Gebe ich meiner Ex noch eine Chance?

S04 Schalke-Boss Clemens Tönnies
"Dann würden die Afrikaner aufhören, Bäume zu fällen, und sie hören auf, wenn's dunkel ist, Kinder zu produzieren" - mit diesem Zitat erzürnte Tönnies die FansBild: picture-alliance/G. Kirchner

Es ist einfach genug. Eine rassistische Entgleisung des Aufsichtsratsvorsitzenden Clemens Tönnies, eine flapsige Entschuldigung ohne Konsequenzen, von Business-Kaspern entworfene Marketing-Kampagnen, forcierte Pläne einer Ausgliederung von demselben Menschen, die den Karren finanziell in den Dreck gefahren haben, angesichts der Corona-Krise lächerliche Gehaltseinsparungen der Spieler, Abschenken der Europa League etliche Spieltage vor Schluss, ein ehemaliger Stasi-Major im Aufsichtsrat, ein unwürdiger Abgang des langjährigen Pressesprechers, Rauswurf von 24 Busfahrern, die auf 450 Euro-Basis gearbeitet haben und als absolute Krönung, der Härtefallantrag: Schalke war der einzige Club der Liga, der seinen treuesten Fans nicht das Geld für die durch die Corona-Krise entgangenen Spiele zurückzahlen wollte - wenn ja, sollten die Anhänger, denen der Verein Geld schuldet, mit Dokumenten nachweisen, wie dreckig es ihnen geht. Es ist nur noch unwürdig und zum Fremdschämen.

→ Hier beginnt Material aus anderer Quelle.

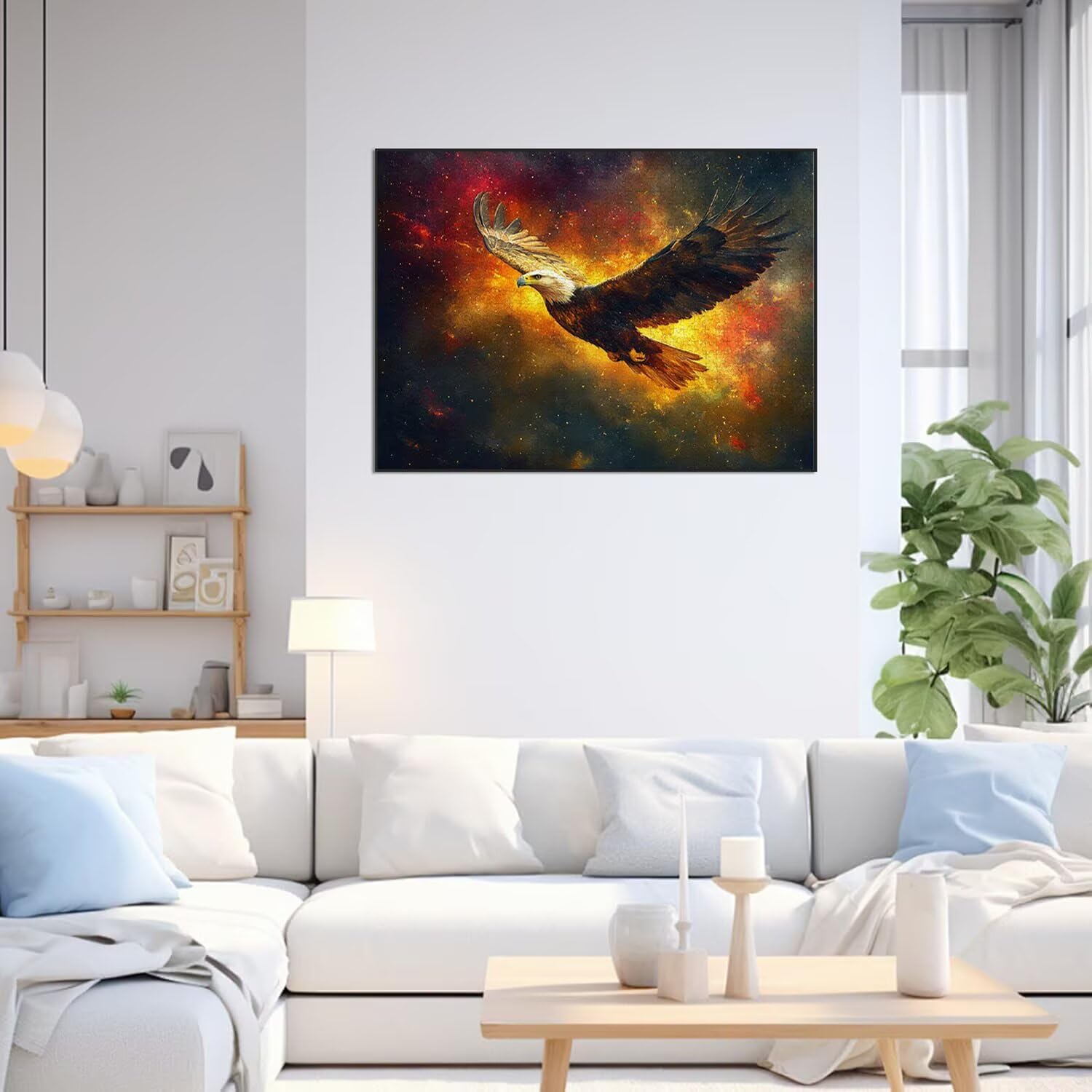 Puzzle 1500 sztuk orzeł trudne drewniane puzzle, n-407 | Niemożliwe wyzwanie, inteligentna gra zręcznościowa, gry logiczne dla całej rodziny, pomysł na prezent, abstrakcja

Samstag fahre ich übrigens wieder auf Schalke. In Gelsenkirchen ist zwar kein Spiel, aber eine Demonstration all' derjenigen, welche die Schnauze voll haben von denen, die nicht verstehen, wofür Schalke wirklich steht. Das alte Schalke erhebt sich. Pünktlich zum Anpfiff, um 15.30 Uhr. Und vielleicht - ganz vielleicht - gebe ich meiner Verflossenen ja noch eine Chance.